In the Ghanaian setting, the ability of households to enrol and renew their NHIS policy is associated with the wealth quintiles mostly linked to income. It is previously reported that households with higher socioeconomic status have higher odds to enrol and renew their NHIS policy compared with those in poor socioeconomic standings [28–30]. The odds of enrolling and renewing NHIS policy among households in the highest socioeconomic status vary, ranging from about 1.6 to 4.1 times, higher than those in the lowest socioeconomic groups [27, 30]. This difference further varies by gender and age groups. In a previous study, for instance, the poorest males were 3.4 times less likely to enrol into the NHIS policy compared to their rich counterparts . In the same instance, females in the poorest category were 3.8 times more likely to have never enrolled in the NHIS compared with those in the richest group . Previous studies have again showed that, among women in their reproductive age, those in the richer (OR = 1.7; 95% CI; 1.2, 2.3) and richest wealth quintile (OR = 1.4; 95% 0.98, 2.11) were more likely to enrol in the NHIS policy . Similarly, across different age groups, older people in the third (OR = 2.5; 95% CI; 1.0, 6.0) and fourth wealth quintile (OR = 3.8; 95% CI; 1.5, 9.4) were more likely to enrol in the NHIS policy compared to other groups . This demonstrates that the variation in NHIS policy ownership among the poor and rich further differs according to different sociodemographic information such as gender and age.

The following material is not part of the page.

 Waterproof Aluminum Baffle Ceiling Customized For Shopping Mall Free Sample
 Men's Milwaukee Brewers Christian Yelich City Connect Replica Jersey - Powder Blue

Across different settings, the increase in the education level of households increases the odds of enrolling and renewing NHIS policy [27–29, 31]. It is previously reported that individuals educated at higher level, preferably tertiary, have higher odds of enrolling and renewing their NHIS policy. The increase in the odds of enrolling and renewing NHIS among households educated at tertiary level varies, ranging from about 2.1 to 5.9 times more higher than those with lower or no education [27, 28, 31]. Similarly, the increased odds of enrolling and renewing NHIS policy among educated households vary depending on the wealth quintiles. In a previous study, for instance, the odds of enrolling in the NHIS policy among clients educated at tertiary level increase from 29 for individuals in the first poorest quintile compared with 9.12 and 2.4 for the third and fourth quintile, respectively . Again, the influences of educational attainment on NHIS policy ownership varies depending on the gender identify. Previous study on the Upper West Region of Ghana showed that males with primary or no education were more likely to have never enrolled (OR = 4.9 and OR = 6.9, resp.) and to drop out (OR = 4.8 and OR = 3.3, resp.) compared with university/college education . Similarly, females with primary or no education had higher odds of never enrolled (OR = 12.8 and OR = 23.9, resp.) and drop out (OR = 1.6 and 2.06) compared with those educated at tertiary level .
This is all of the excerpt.